= Problem requirements =
Without the pictures, give the listing below again exactly.

= Supplied material =
[Start of section]

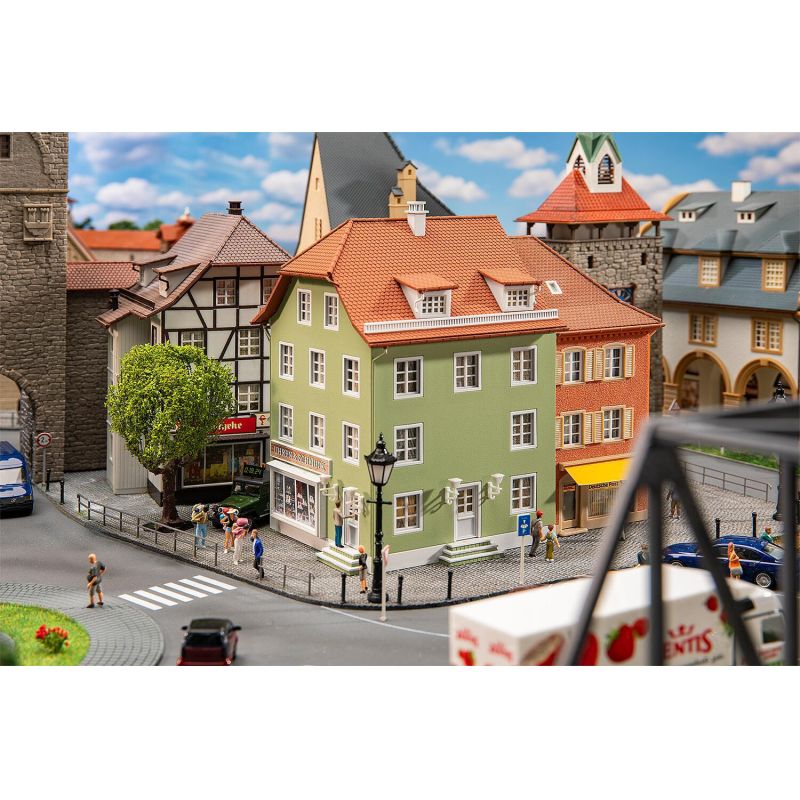 Faller 191791 Városi ház ékszerbolttal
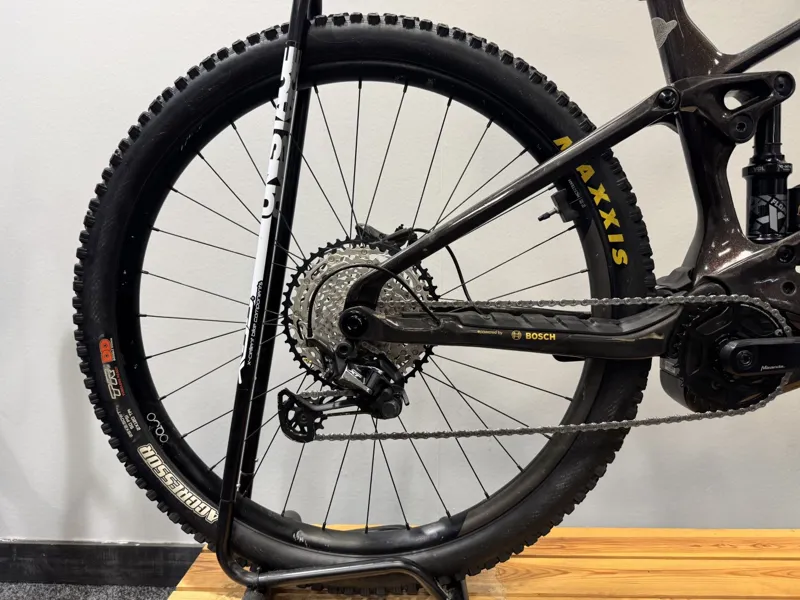 Ex Demo Orbea Wild M10 XL Electric Bike 2023 Cosmic Carbon View-4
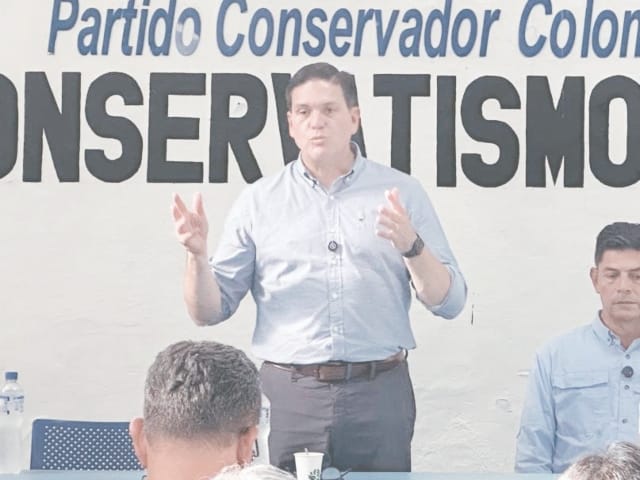 ‘Se están robando el oro de  la Cordillera de Santurbán’  Dijo candidato presidencial Juan Carlos Pinzón imagen de la publicación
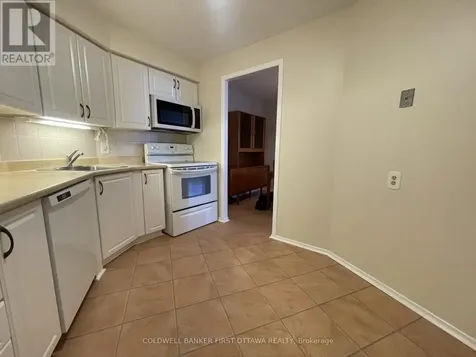 1025 Grenon Avenue Ottawa ON K2B 8S5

[End of section]

= Result =
 Faller 191791 Városi ház ékszerbolttal
 Ex Demo Orbea Wild M10 XL Electric Bike 2023 Cosmic Carbon View-4
 ‘Se están robando el oro de  la Cordillera de Santurbán’  Dijo candidato presidencial Juan Carlos Pinzón imagen de la publicación
 1025 Grenon Avenue Ottawa ON K2B 8S5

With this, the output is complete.